A no-AI label is a label used on a product to signify that it was not made using generative AI. Phrases on the labels include but are not limited to "human-made", "proudly human" and "AI-free". Some organisations that provide the labels allow product creators to download and use their no-AI labels for free, while others charge creators for analysing the content and allowing the use of the labels if the organisation believes that no AI was used.

== Background ==
In 2025, Merriam-Webster chose "slop" as their word of the year, a term to describe low-quality content created by generative AI. By then AI-generated content had become harder for humans to detect when compared to previous years, as several signs of AI such as malformed hands and unnatural lighting had become much less prominent. Allison Morrow of CNN wrote that watching TikTok videos felt like taking an AI-or-not test. Some companies such as H&M have faced backlash for using AI in their advertising.

== Overview ==
Some companies use labels to clarify that their products were made by humans, which has been compared to "organic produce" labels that may be placed on food, or fair trade labels. The human-made labels are the opposite of "Made by AI" labels. Phrases used in no-AI labels include but are not limited to "human-made", "proudly human" and "AI-free". Organisations want a unified standard so consumers have an understanding of what "AI free" means. Some organisations allow product creators to download and use no-AI labels for free, while others charge the creators to analyse the content and to allow the use of the labels if the organisation believes that no AI was used.

== Examples ==

A "no AI" sign

iHeartMedia has found that 90% of their viewers want the media they consume to be created by humans. In 2025, the company started requiring that their radio station DJs tell listeners that their content is "Guaranteed Human" during their hourly announcements of the station's call sign (the Federal Communications Commission requires these call sign announcements).
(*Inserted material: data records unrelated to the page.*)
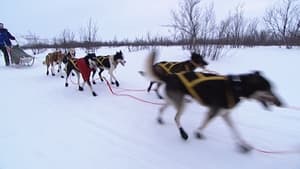 Lars in Finnmarksloepet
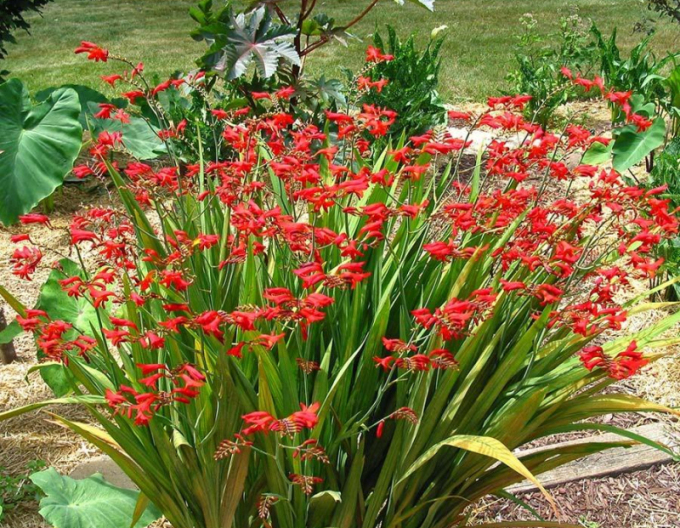 Montbrécia - Crocosmia ’Emberglow’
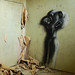 Robert Brandenburg Photo 11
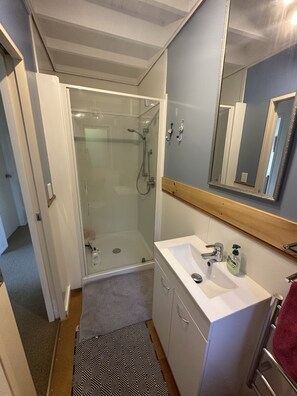 Shower, towels, soap, shampoo - Sunny with decks and bush/harbour views. Three bedrooms. Pet friendly. (Raglan)
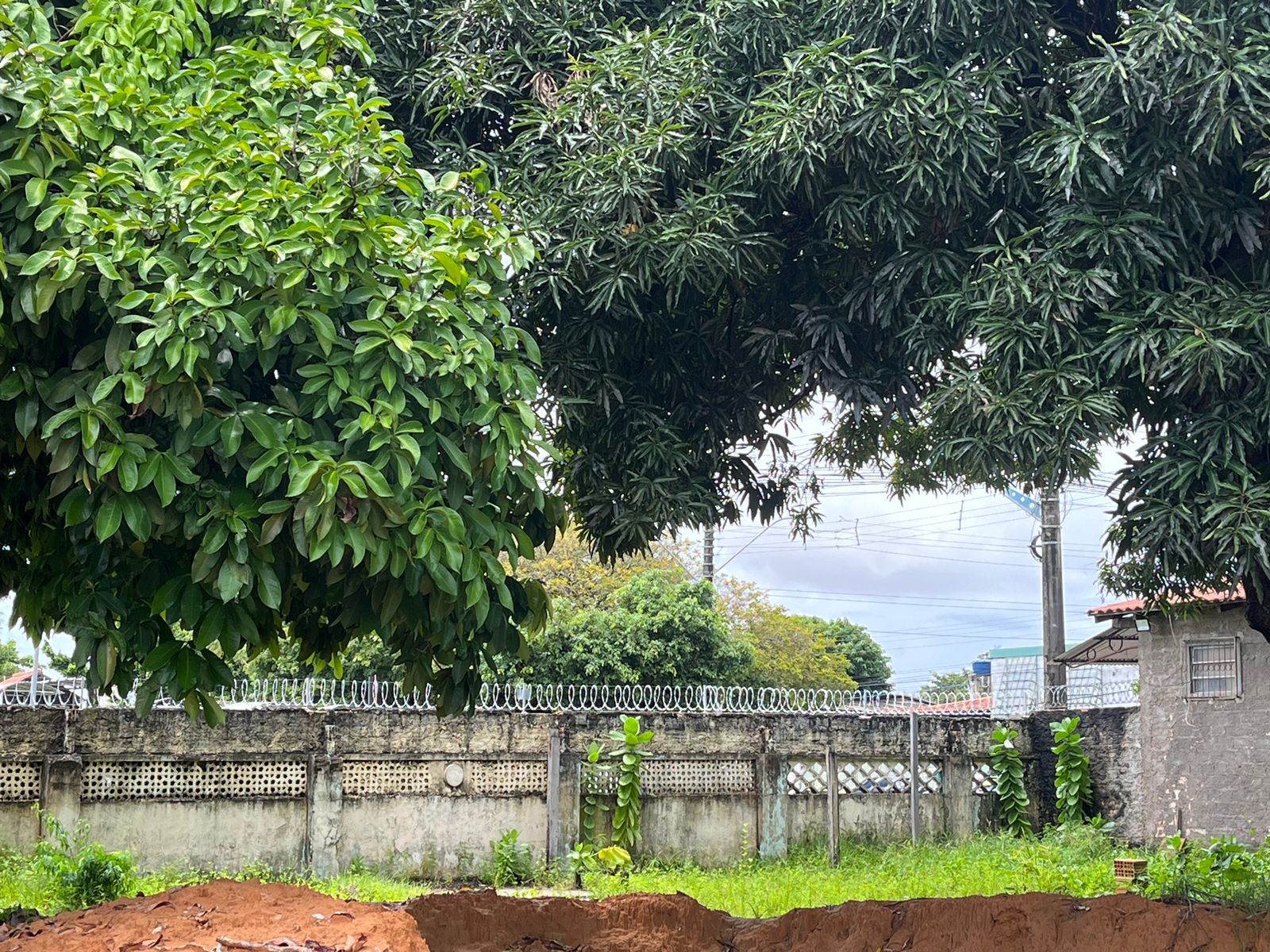 WhatsApp Image 2024-04-15 at 14.50.32 (3).jpeg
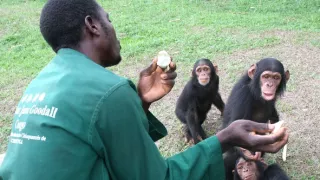 Útulok pre záchranu šimpanzov Jane Goodallovej (1/6)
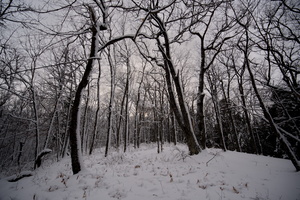 Sinuous trees at the summit of the Lidtkie hill just north of the farmhouse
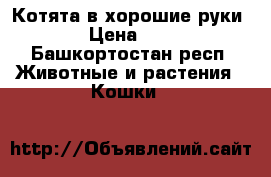 Котята в хорошие руки › Цена ­ 5 - Башкортостан респ. Животные и растения » Кошки   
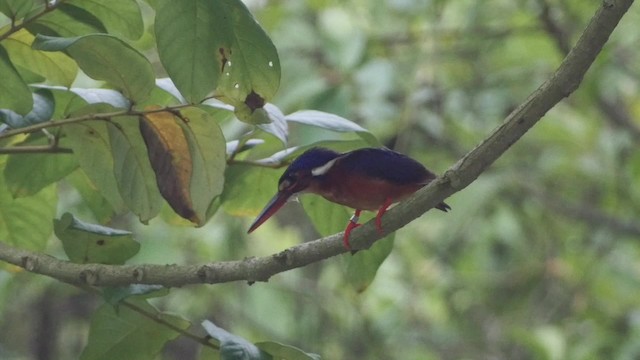 Blue-eared Kingfisher - ML201669261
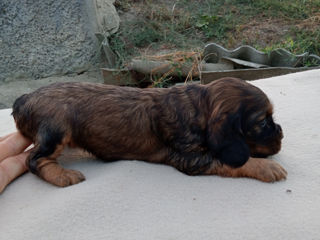 Cokerspaniel foto 3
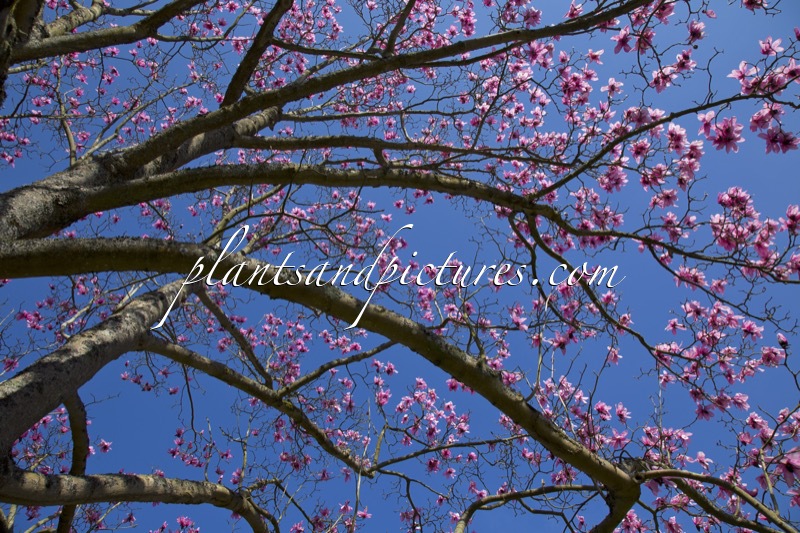 Magnolia campbellii subsp. mollicomata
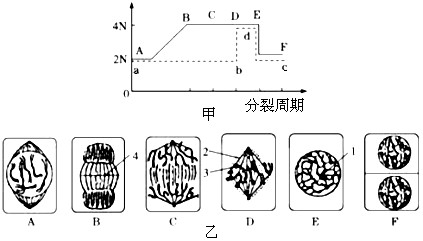 图甲表示某植物细胞有丝分裂一个细胞周期中染色体和dna含量的变化图 图乙表示细胞有丝分裂各时期的图像 请据图回答下列问题 1 图甲中虚线表示 新东方在线网络课堂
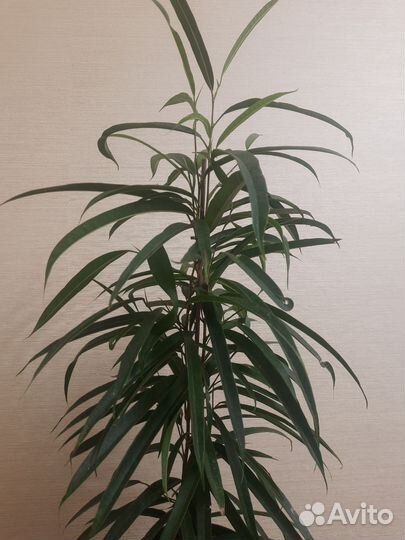 Комнатные растения. Фикус Бин Али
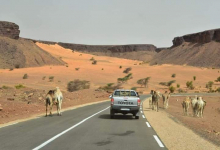 صورة استخدمها أحد المدونين في الحملة الداعمة للموسم السياحي الموريتاني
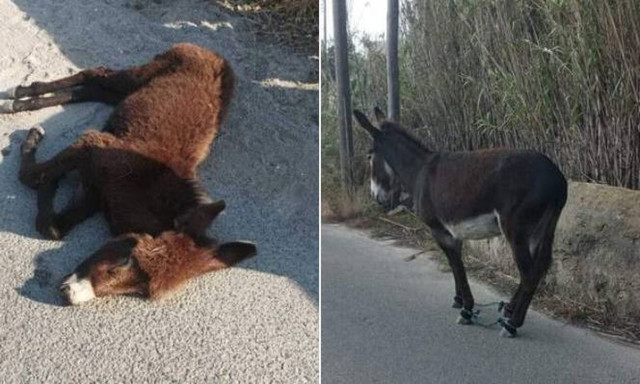Μύκονος: Θλίψη για γαϊδουράκι που χτυπήθηκε από όχημα και σκοτώθηκε - Παστουρωμένη η μητέρα του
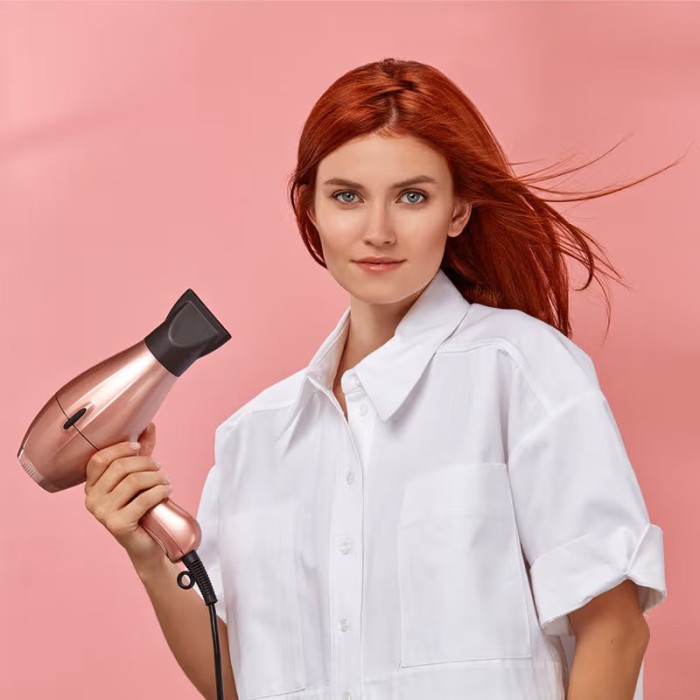 Elchim 3900 Healthy Ionic Rose Gold Hair Dryer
Authors Guild has a "Human Authored" certification. Books that are certified can use a logo that signifies that they were not made with AI. A UK startup named Books By People has an "Organic Literature" certification and allows publishers to use stamps to signify that their books are AI-free. Books by People allows minor uses of AI such as idea creation and formatting.

In 2026, the music streaming platform Spotify launched "Verified by Spotify" badges, which are placed on profiles that follow "defined standards demonstrating authenticity". Profiles that release songs that Spotify deems to be AI-generated are not given the badge. In 2026 The Mise En Scene Company released a "No AI Used" label on the marketing materials of its film Forelock at Berlinale followed by an independent disclosure standard at Cannes.